Service Mesh Implementations

One class of software implements the SMI directly by consuming the APIs defined by the SMI group. Each implementation has its distinctive properties. Examples include:

  • Istio – uses sidecars running Envoy
  • Linkerd – uses a custom sidecar proxy implementation
  • Consul Connect – utilizes sidecar proxies such as Envoy and a built-in proxy for testing, also has support for user-defined proxies (HAproxy)
  • Maesh – uses a per-node (DaemonSet) proxy approach using a custom proxy implementation (Traefik)

Management Planes

While these tools may not directly implement the functionality covered by the SMI, they play an essential role in the ecosystem by adopting and managing the technologies which support the SMI specification:

  • Weaveworks Flagger – functions as a control plane for Kubernetes deployment while supporting multiple service mesh implementations
  • Service Mesh Hub – serves as a management plane for several Service Mesh implementations
  • RIO – serves as a management plane for Linkerd

Introducing Maesh: a simpler service mesh

One novel implementation of the SMI specification is Maesh, which installs onto a Kubernetes cluster and implements multiple SMI APIs to support east-west communication between services running on the cluster. We had a unique vision of a service mesh that offered flexibility for adoption, lower performance overhead, and less-disruptive upgrades.

A Fresh Approach

Implementing the SMI APIs made perfect sense as a starting point to the team building Maesh. The API’s provided a clear consensus on features that had been widely adopted, thus ensuring the engineers didn’t waste time addressing limited use cases. We were then able to focus on the vision that inspired the project, which cast aside some prior assumptions in the service mesh landscape.

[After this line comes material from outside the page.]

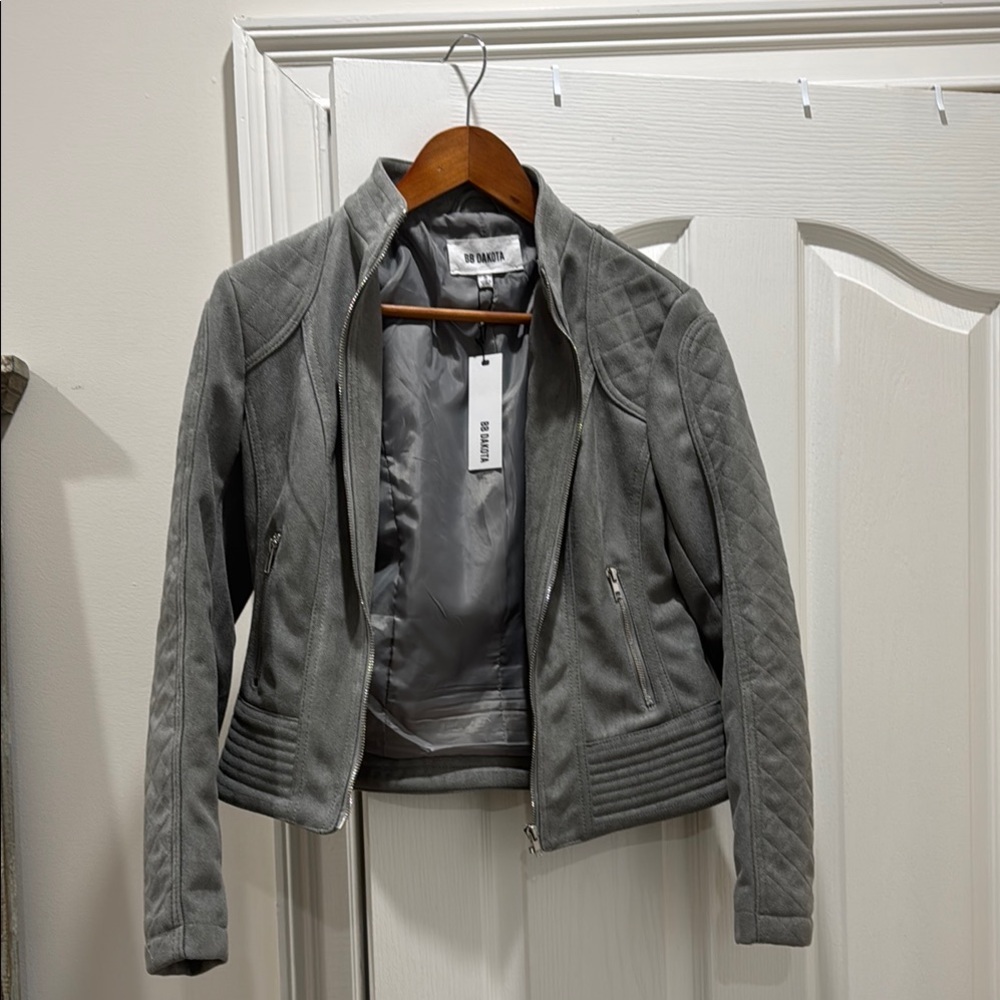 BB Dakota Gray Bomber Jacket with Suede Texture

In the diagram above, notice how there is a distinct lack of sidecar proxies. This is by design, let’s review.

Diving into the Technical Deep End

Before we dive into the technical details in Maesh, and how we accomplished sidecar-less service mesh, it may be helpful for readers to catch up on a few components and configurations discussed in this section.

  • DNS stubbing – this capability is exposed by CoreDNS, the default DNS provider deployed in most Kubernetes distributions, which allows for the definition of private DNS zones, commonly referred to as “stub domains”
  • kube-dns – the CoreDNS component in Kubernetes responsible for resolving private (internal) DNS requests
  • kube-proxy – operates on each Kubernetes node, responsible for load-balancing and proxying internal UDP, TCP, and SCTP packets for service-to-service communication

The team settled on an approach that involved patching CoreDNS with DNS stubs, so kube-dns would resolve Maesh-specific domain queries internally. Requests which matched the standard DNS schema in Kubernetes would continue routing through kube-proxy. In contrast, requests which matched the stubbed entries, service-name.local.maesh, would route via the Traefik proxies deployed by Maesh.

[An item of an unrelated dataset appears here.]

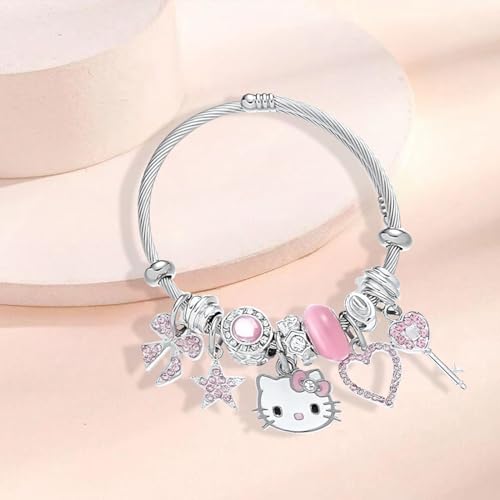 2PCS Bracelet Set Gift, Adjustable Stainless Steel Silver Charm Bracelet and Necklace, The Gift for Kids, Girlfriends, Best Friends, or Sisters.4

The controller deployed by Maesh handles the ingestion of SMI objects and configures each Traefik proxy node, which is deployed as a DaemonSet, allowing the individual pods to operate without any modification. This approach met all three of the original goals, without the need for sidecar proxies:

  • ensuring users could upgrade the service mesh without disruption
  • minimizing operational overhead
  • offering the flexibility to easily opt-in or out of the service mesh

What’s Next

The Maesh project is currently adopting mTLS for secure east-west communication but is also in the process of contributing the UDP traffic type specification to the SMI project. Containous is thrilled to be a part of this endeavor, and we look forward to seeing the innovations the other SMI partners are planning.

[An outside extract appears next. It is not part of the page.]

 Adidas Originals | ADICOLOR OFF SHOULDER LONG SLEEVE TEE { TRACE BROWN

The Maesh project is open-source and is always open to contributors. We are working on v1.4 which includes implementing some of the most recent exciting updates, such as the addition of HTTP header routing and Traffic Splits to the Traffic Specs. If you’d like to learn more about contributing, please let us know by introducing yourself to any of our open issues.

Disclaimer: The author of this post is employed by Containous, the creators and maintainers of the Maesh project.